Conservative Republican philosophy went off the tracks in the last election.
There were several things that weighed down Mitt Romney’s presidential campaign, but only one thing that sunk it. It was the following statement he made:
“47% of the population will vote for the president no matter what. . . (they) are dependent on the government; (they) believe they are victims. . . They pay no income taxes. I’ll never convince them to take personal responsibility and care for their lives.”
The problem was not that Romney was misquoted, it was that he actually believed what he said. Worse, he was merely reciting elements of “the modern conservative” play book.
If a statement like this continues to be part of conservative political philosophy, the Republican Party will never win a national election, and will continue to witness a decreasing base of support. The party will cease to be a worthy opponent in the great debate over ideas designed to impact the hearts and minds of Americans.
The Fifth Principle
Modern conservative political philosophy is the product of political theorist and writer Russell Kirk.
Kirk wrote the Ten Principles of Conservatism. His fifth principle supports the idea of “variety”. To Kirk, equality is a false notion. Besides equality at the judgment bar, and before a court of law, equality does not exist, and any attempt to make it so is wrong.
Inequality is natural and appropriate, he says. There’s inequality in athletic ability, intellectual capacity, and economic capability. Allowing these inequalities to manifest themselves causes leadership to emerge. Talented leadership, not systems of equality, is what makes a nation great. Kirk calls this the power of “variety.”
Wrong Headed
On the surface Kirk’s idea appears to be reasonable. But, dig a little deeper and you will find very shallow roots to support his position.
One of the reasons for the creation of democracy throughout Europe and America in the eighteenth and nineteenth centuries was the unsustainable idea of class distinction.
One of the assumptions upholding class distinction was the idea of superiority. Royal families, for example, believed they were superior to commoners, hence more capable of leading. More pathetically, commoners believed they were inferior to monarchs, and thus less capable of leading.
Inequality was seen as an enduring reality and a social good.

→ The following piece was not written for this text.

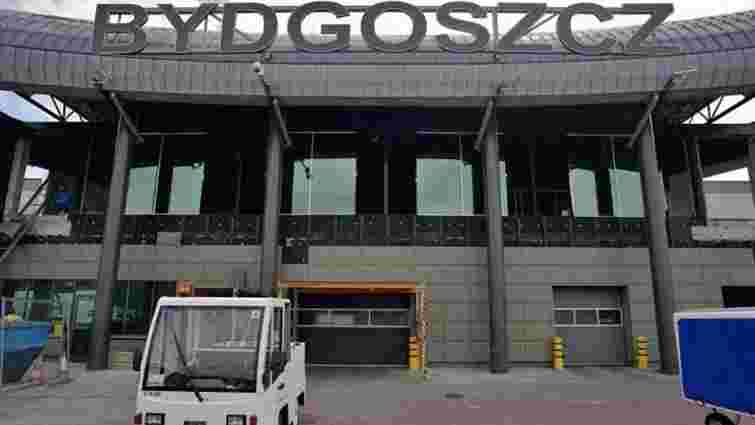 Аеропорт в Бидгощі веде переговори про відкриття нового авіасполучення до Львова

However, with the dawning of democratic ideals this assumption was challenged. One of those ideals was penned by Thomas Jefferson in June of 1776 in the Declaration of Independence. “We hold these truths to be self evident, that all men are created equal, that they are endowed by their Creator with certain unalienable rights, that among these are life, liberty and the pursuit of happiness.”

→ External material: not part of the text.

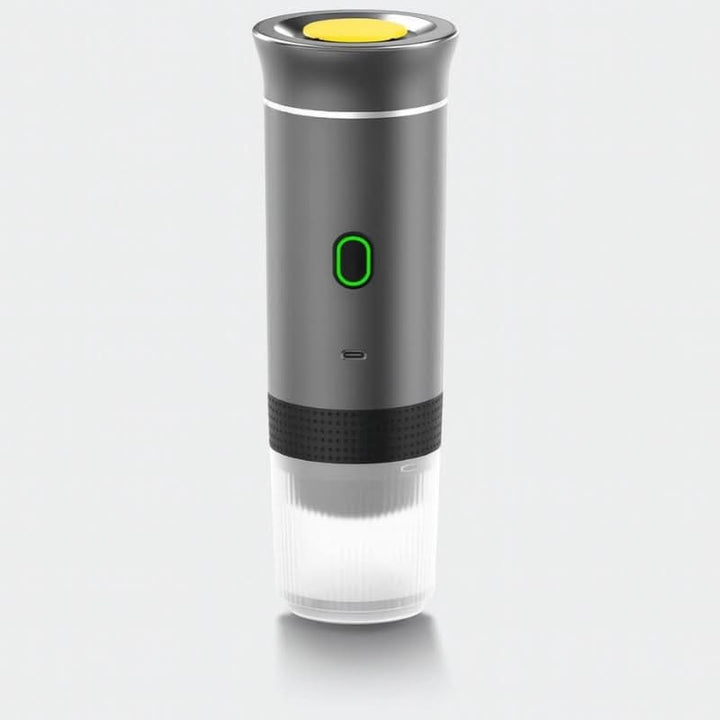 Lisslune | Portable 3-in-1 Electric Espresso Coffee Maker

An awakening to the “self-evident” possibility of human equality had taken root.
By contrast the idea of “variety”, at least as explained in modern times by Kirk, seemed wrong headed and deeply flawed.
Kirk, who passed away in 1994, would probability take exception to my critical analysis of his idea of variety. Although, I don’t know why.
After all, it was Kirk who was critical of the creation of the public state college system in the 1950’s, saying it was a waste of money trying to educate the masses in an attempt to engineer and create equality in post war America.
He was also critical of the post WWII GI Bill that allowed returning military personnel the opportunity to attend college for virtually no expense to them personally.
To Kirk, trying to bring equality of education to the masses was a failed notion. Implementing artificial systems of equality creates “social stagnation” and a “deadening egalitarianism.” (Egalitarianism: the right of all people to pursue social, political, and economic equality.)
Evidently, Kirk never realized that in large measure the greatest middle class in history was created from those social experiments? Even Romney admits that the middle class has to be brought back to full strength.
Try To Improve
I think conservatives in America need to rethink their political philosophy. If not, the debate of great ideas in America falls short.